İKİNCİ YARGILAMA BAŞLADI
Yargıtay 1. Ceza Dairesi, 23 Mayıs 2018'de beraat kararının bozulmasına karar verdi. Dava, İstanbul 19. Ağır Ceza Mahkemesi'nden yeniden görülmeye başladı. İkinci kez başlayan yargılamada Paksoy kardeşler yeniden hakim karşısına çıktı. Sinem'in babası Ergun Erköseoğlu, annesi Ferah Kural ile dedesi Yusuf Ziya Kural'ın müşteki olarak yer aldığı duruşmada tutuksuz sanıklardan Can Paksoy, "Yargıtay bozmasından önce tüm deliller toplanmıştır. Adli Tıp Kurumu'ndan rapor alınmıştır. Suçsuzluğum ortaya çıkmıştır. Bozma kararı usuldendir. Beraat kararı yerindedir. Hakkımdaki suçlamayı kabul etmiyorum.
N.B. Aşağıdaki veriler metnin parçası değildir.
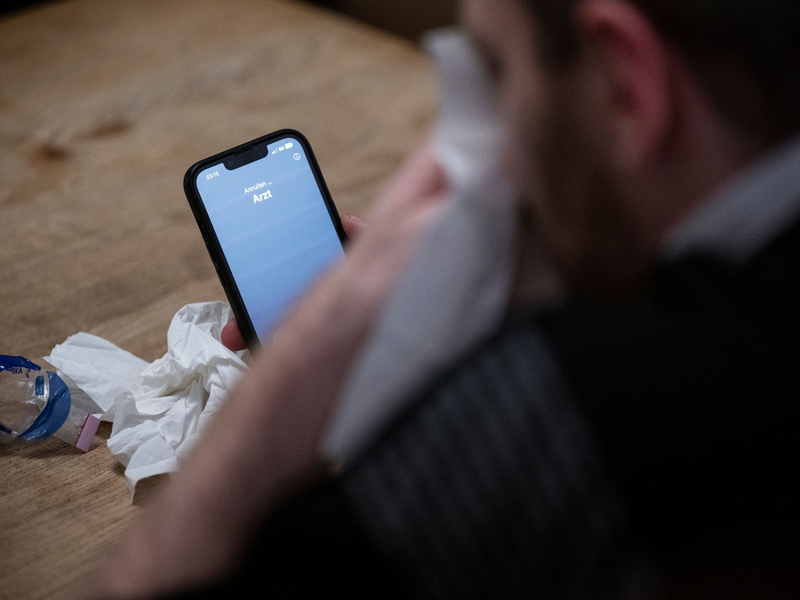 Patientinnen und Patienten sollen über die automatische Telefonassistenz Termine vereinbaren, absagen oder verschieben. - Foto: Hannes P Albert/dpa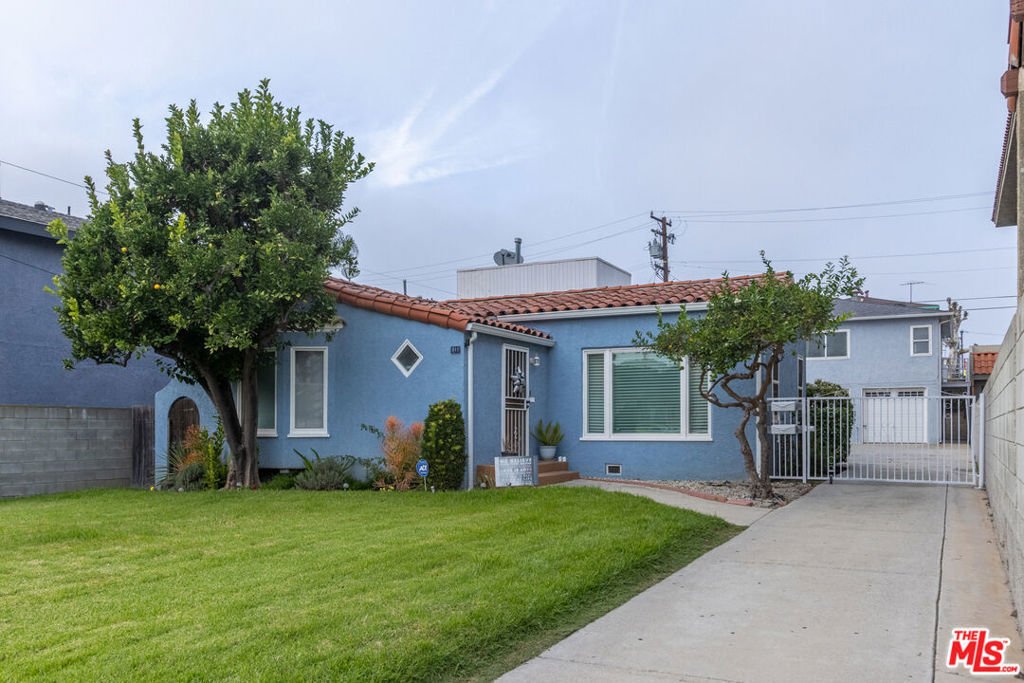 Inglewood, California, United States 2 - 18152212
Kimseyi öldürmedim, öldürmeye de teşebbüs etmedim" dedi. Ağabey Mahmut Emre Paksoy da "Mahkemenin daha önceki beraat kararı doğrudur. Deliller toplanmıştır. Yargıtay kararı usulen eksikliğe dair bir karardır. Eksikliğin giderilip tekrar beraat kararı verilmesini talep ediyorum" diye konuştu. Sanıkların avukatı Köksal Bayraktar, "Beraat kararı her yönden doğru bir karardır. Aile Bakanlığı'nın müdahil olması gerekliliği yönünden bozmuştur. Bu bozma sebebinden sonra eski kararınıza uyulmasını talep ediyoruz" dedi.
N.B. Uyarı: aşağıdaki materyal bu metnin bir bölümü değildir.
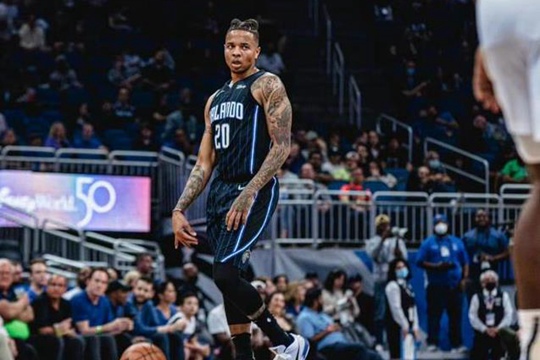 前NBA状元富尔茨签约国王至本赛季结束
AİLE BAKANLIĞI AVUKATI, KARDEŞLERİN CEZALANDIRILMASINI İSTEDİ
Aile Bakanlığı avukatı Hatice Boz ise söz alarak, "Beraat kararının bozularak sanıkların cezalandırılmasını istiyoruz. Aynı zamanda sanıkların cep telefonu içeriklerinin de araştırılmasını istiyoruz" dedi. Sinem'in babası Ergun Erköseoğlu da evdeki sabit telefon kayıtlarının alınmadığı belirterek, sanıkların anne ve babaları ile kendi cep telefon mesajlarının kayıtlarının da dosyaya alınmasını talep etti. Anne Ferah Kural, "Benim kızım neden öldü. Ben bunu öğrenmek istiyorum" dedi. Sinem'in 88 yaşındaki dedesi Yusuf Ziya Kural, dava sürecinde Cumhurbaşkanlığı, Başbakanlık, Adalet Bakanlığı ile yüksek yargı üyelerine dilekçeler yazdığını ancak hiçbirinden cevap alamadığını belirtti. En kısa zamanda en doğru kararın verileceğine inandığını ifade etti.
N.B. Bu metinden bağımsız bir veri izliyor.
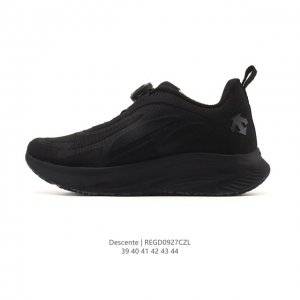 新品公司级 Descente 迪桑特Urban Outdoor系列男款Traxis运动休闲鞋夏季新品。迪桑特的Core-Tex面料，轻薄又坚固，防水透气还防风，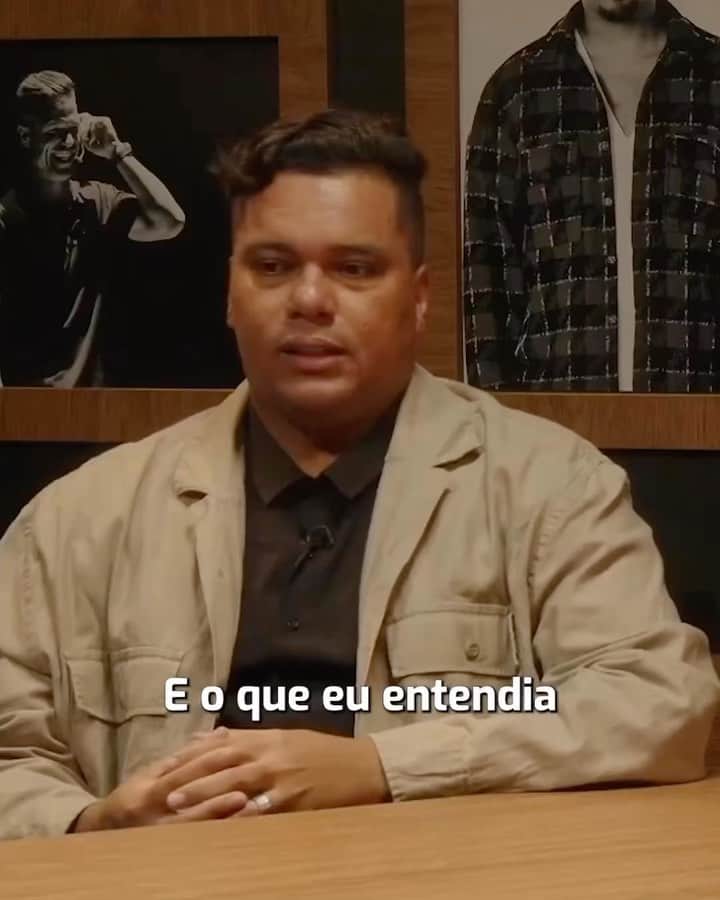 Sorriso Marotoのインスタグラム：「Turma, arrasta pro lado e veja alguns momentos do nosso cantor @bcbrunocardoso no podcastfaixa10, comandado pelo capitão @diegoribas10! 💥  O bate papo tem mais de uma hora de muita história boa.   Pra você que quer ver ou rever, corre lá no YouTube! 😉 (Link tá nos Stories)」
KAFASINDAKİ YARA VE ELBİSENİN FERMUARI ADLİ TIP KURUMU'NA SORULDU
Mahkeme, Sinem'in ölümüne ilişkin yeniden kapsamlı bir araştırma yapılmasına karar verdi. Kardeşlere ait dairedeki sabit telefon numarasının tespiti ile olay gecesine ilişkin kayıtların getirilmesini isteyen mahkeme, Sinem'in kafasındaki yaranın düşme öncesine mi sonrasına mı bağlı olduğunun tespiti için dosyanın Adli Tıp Kurumu'na gönderilmesine karar verdi. Mahkeme ayrıca, Sinem'in olay gecesi giydiği elbiseyi de Adli Tıp Kurumu'na göndererek, elbiseyi giyen kişinin arkasındaki fermuarı tek başına kapatıp kapatamayacağının tespitini istedi.